• Problem details: Although the data below holds other lines too, output only those from the line with "Maglia Ixos MINNIE Donna - Bianco" up to and including the line with "Ігровий ПК на гарантії", exactly as they appear.

Caption-style text data:
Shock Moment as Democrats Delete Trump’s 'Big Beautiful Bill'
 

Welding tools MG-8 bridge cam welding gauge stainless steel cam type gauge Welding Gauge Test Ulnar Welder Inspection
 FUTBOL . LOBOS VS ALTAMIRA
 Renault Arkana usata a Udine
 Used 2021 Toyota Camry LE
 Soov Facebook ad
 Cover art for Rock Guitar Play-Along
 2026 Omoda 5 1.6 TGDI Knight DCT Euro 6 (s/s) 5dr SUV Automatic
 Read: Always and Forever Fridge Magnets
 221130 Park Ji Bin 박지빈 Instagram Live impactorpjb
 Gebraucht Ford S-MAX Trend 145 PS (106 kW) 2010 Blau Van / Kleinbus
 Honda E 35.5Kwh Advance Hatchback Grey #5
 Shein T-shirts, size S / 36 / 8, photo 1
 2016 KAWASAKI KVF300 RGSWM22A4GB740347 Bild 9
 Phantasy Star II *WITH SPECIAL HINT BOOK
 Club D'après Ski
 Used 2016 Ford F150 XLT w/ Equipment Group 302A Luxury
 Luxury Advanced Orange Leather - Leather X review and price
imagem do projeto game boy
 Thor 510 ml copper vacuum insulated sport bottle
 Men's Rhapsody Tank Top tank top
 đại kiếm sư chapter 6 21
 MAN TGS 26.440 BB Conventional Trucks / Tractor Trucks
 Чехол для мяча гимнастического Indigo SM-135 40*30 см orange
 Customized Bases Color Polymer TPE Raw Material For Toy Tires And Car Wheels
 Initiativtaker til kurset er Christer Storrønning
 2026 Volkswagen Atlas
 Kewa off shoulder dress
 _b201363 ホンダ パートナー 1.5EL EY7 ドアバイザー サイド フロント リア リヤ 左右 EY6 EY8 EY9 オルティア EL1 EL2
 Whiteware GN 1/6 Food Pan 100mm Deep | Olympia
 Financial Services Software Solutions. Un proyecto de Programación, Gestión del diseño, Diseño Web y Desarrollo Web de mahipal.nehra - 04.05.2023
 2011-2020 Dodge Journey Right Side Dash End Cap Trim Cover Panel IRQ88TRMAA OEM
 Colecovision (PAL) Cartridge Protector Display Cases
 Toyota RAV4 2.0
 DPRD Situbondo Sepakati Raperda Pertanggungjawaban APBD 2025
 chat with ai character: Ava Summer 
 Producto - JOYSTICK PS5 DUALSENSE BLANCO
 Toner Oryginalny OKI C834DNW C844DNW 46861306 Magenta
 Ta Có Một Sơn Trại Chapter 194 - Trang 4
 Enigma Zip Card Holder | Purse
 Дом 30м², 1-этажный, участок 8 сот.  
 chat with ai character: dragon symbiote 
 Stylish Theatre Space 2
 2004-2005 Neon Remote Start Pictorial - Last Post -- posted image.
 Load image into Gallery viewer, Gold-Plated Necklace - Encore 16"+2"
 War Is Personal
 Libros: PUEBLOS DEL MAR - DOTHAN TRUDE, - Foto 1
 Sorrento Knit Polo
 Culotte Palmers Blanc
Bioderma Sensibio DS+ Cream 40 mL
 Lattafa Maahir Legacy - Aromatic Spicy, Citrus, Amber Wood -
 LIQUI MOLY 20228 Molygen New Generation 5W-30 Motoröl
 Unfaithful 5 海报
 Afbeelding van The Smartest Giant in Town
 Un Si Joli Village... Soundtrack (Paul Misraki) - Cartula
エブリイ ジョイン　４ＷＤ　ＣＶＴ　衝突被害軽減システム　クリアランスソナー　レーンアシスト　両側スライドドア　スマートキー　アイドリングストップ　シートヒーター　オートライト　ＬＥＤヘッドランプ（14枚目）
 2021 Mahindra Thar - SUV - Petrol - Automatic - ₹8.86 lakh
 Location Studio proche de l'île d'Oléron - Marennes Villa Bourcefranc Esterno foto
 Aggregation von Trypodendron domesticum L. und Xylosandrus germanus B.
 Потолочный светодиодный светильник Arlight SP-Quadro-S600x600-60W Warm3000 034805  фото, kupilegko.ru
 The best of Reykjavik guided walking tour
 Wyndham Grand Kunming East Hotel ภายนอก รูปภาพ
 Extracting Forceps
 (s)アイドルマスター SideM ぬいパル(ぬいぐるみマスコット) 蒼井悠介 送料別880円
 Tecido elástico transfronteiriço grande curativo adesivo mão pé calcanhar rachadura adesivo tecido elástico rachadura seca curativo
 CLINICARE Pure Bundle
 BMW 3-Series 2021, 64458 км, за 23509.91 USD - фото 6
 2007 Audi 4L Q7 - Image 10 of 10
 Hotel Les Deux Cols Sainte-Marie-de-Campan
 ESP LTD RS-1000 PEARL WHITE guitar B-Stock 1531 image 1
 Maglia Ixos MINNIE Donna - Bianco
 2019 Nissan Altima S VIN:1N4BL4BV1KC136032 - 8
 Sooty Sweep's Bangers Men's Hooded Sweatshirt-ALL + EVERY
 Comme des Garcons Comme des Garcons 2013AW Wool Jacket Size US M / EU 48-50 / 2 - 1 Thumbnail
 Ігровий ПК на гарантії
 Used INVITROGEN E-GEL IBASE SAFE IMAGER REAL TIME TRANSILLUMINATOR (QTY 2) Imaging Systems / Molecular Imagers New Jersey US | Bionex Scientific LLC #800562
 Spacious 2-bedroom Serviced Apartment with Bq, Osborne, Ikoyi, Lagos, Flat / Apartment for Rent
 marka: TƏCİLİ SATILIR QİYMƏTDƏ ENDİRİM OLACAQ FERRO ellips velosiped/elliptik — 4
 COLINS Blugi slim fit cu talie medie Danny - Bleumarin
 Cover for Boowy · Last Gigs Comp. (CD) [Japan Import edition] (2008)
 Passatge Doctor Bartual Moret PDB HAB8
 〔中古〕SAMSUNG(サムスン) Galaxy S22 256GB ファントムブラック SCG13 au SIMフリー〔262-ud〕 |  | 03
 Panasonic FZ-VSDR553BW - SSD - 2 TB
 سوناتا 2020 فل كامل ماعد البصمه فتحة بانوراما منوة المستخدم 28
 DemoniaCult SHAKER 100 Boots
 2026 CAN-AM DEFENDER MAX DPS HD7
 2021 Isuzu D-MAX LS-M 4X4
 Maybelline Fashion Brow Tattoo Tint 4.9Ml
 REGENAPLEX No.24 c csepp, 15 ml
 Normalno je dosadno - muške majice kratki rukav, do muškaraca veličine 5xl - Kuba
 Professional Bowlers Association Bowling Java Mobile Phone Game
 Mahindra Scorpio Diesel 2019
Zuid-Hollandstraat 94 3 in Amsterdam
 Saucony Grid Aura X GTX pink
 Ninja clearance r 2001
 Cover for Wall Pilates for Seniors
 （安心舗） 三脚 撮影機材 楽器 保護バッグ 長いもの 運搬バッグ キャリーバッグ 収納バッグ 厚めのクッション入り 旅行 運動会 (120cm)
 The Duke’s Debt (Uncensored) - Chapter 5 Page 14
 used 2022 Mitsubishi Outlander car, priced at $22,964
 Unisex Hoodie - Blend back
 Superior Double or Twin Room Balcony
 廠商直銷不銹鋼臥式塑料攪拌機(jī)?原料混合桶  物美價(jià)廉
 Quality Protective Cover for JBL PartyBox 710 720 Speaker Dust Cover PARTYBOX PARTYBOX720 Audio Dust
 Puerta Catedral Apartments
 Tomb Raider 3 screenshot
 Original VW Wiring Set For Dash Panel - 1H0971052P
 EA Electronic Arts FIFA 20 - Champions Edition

• Task result:
 Maglia Ixos MINNIE Donna - Bianco
 2019 Nissan Altima S VIN:1N4BL4BV1KC136032 - 8
 Sooty Sweep's Bangers Men's Hooded Sweatshirt-ALL + EVERY
 Comme des Garcons Comme des Garcons 2013AW Wool Jacket Size US M / EU 48-50 / 2 - 1 Thumbnail
 Ігровий ПК на гарантії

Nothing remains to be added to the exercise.